A: I love the game, and I want to coach after I’m done playing, so I just have a burning passion and desire to help the youth and to play the game and coach it.
Q: The recruiting landscape was a lot different in your high school playing days than it is now. Springfield is perceived to be an area with talent on the rise. Why do you think that is, and do you think this area underrated?
A: It’s highly underrated. You got guys that are players, that are big time players in this area. All it is is the opportunity. My school [UMass] took a chance on me, and look at the career I’ve had so far. It’s all about taking the chance on kids. Springfield has had for years some talented players, from Mike Vaz to Julius Walker to Cedric Washington. The names go on, the great players that have gone through those programs. It’s really just about giving a kid an opportunity to prove himself.
Q: How closely have you followed Kieran Presley, the running back from Amherst who is considering several options, including walking-on at UMass?
A: I heard that he may walk on or go to prep school, but I heard he is a phenomenal player.
Q: What life lessons did you learn from your high school coach, Waxie Cullen, that you still hold with you today?
A: Never give up. He used to say, ‘Fight, fight no matter what, fight every single play’, and I’ve taken that with me throughout my whole career. No matter what, and that’s even what I told these kids today.
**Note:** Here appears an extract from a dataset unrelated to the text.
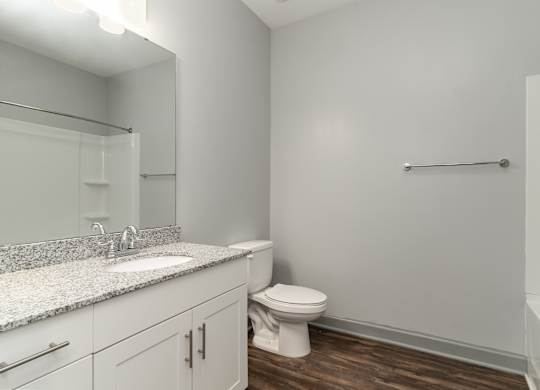 Bathroom with a toilet sink and bathtub at The Parker Myrtle Beach, South Carolina, 29588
Even though it’s 7-on-7, you fight. Be a competitor. It’s OK to want to win every single time. That’s OK. That’s life. You should want to be successful in everything you do. That was what was instilled in me, that now I want to instill in them.
Q: With the move to FBS, your alma mater has had an increased emphasis on establishing a walk-on tradition. As a former walk-on yourself who’s now in the NFL, what are your thoughts on that strategy?
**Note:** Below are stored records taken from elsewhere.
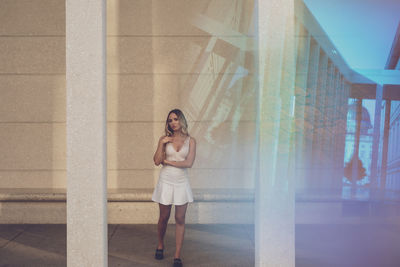 Portrait of young woman standing against wall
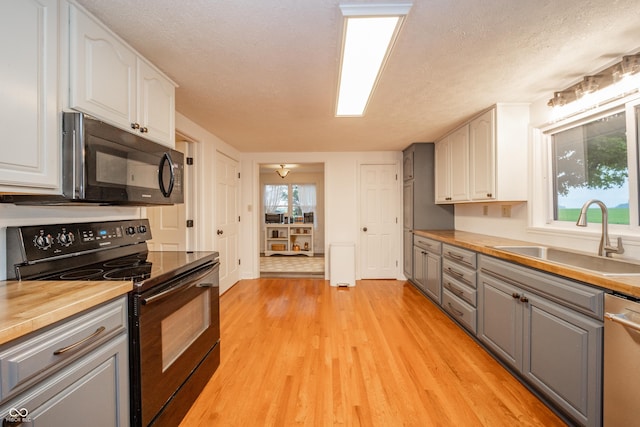 4491 W 600 N, Anderson, IN 46011 - kitchen with black appliances, gray cabinetry, white cabinets, light wood-type flooring, and a textured ceiling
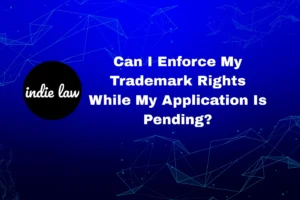 A graphic with the Indie Law logo and the text, "Can I Enforce My Trademark Rights While My Application Is Pending? Learn about trademark application approved next steps," on a blue geometric background.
A: I think it’s a great strategy, because you can find a diamond in the rough that way. I’m not going to say you shouldn’t be out there recruiting and trying to get the top-tier guys from high school to be a part of the program. But to build the final spots of your roster, I mean, the best way to do it is to have you walk on. I was a walk-on, and at the time I was playing they [UMass] had seven All-Americans on defense. Being able to take another guy’s spot –- an All-American’s spot -– to be able to play, that shows a lot. You always find your diamonds in the rough.
Q: Your coach at UMass, Don Brown, is now the defensive coordinator at Boston College. What are your thoughts on that?
A: Donny B, he’s like a father to me. We’re so close. I can only imagine the things he’s going to do with that program on defense. I wish him the best of luck in everything.
Q: For kids themselves trying to walk-on at a Division 1 program, what is the most important thing they can do to make the journey you’ve made?
A: Think big. Think really big. Do not sit there and say, ‘Oh, I’m a walk-on’, and put yourself in a bucket of what you think you are. Think highly of yourself, because then you’ll go out there and perform at a high level and other people will think highly of you. That would be my advice. Think big, and outwork everybody.
Q: Tell me about your foundation, HOPE Africa.
A: We have our big NFL Draft viewing party coming this Thursday in New York, at the Dream Hotel. HOPE Africa is an acronym for ‘Helping Our People Excel’. We provide last-dollar scholarships for students in the United States with African descent. This past year, we sent five kids to college from all over the country –- Ohio State, NYU, Arizona State, Oregon and one other. Being able to do that and help kids achieve their dream is really the most important thing. It stems from my parents doing the same thing, coming from Nigeria to the United States and earning their PhDs in education. At HOPE Africa, we want to give these students the same opportunities to do that.
Q: How proud are you to represent your Nigerian heritage?
A: Very proud, very proud. It’s an honor to be able to have this platform, and to exemplify the foundation with which I was raised on –- my family, my grandparents, the people who worked hard so I could be where I am. To represent that culture on the football field, it is a great honor.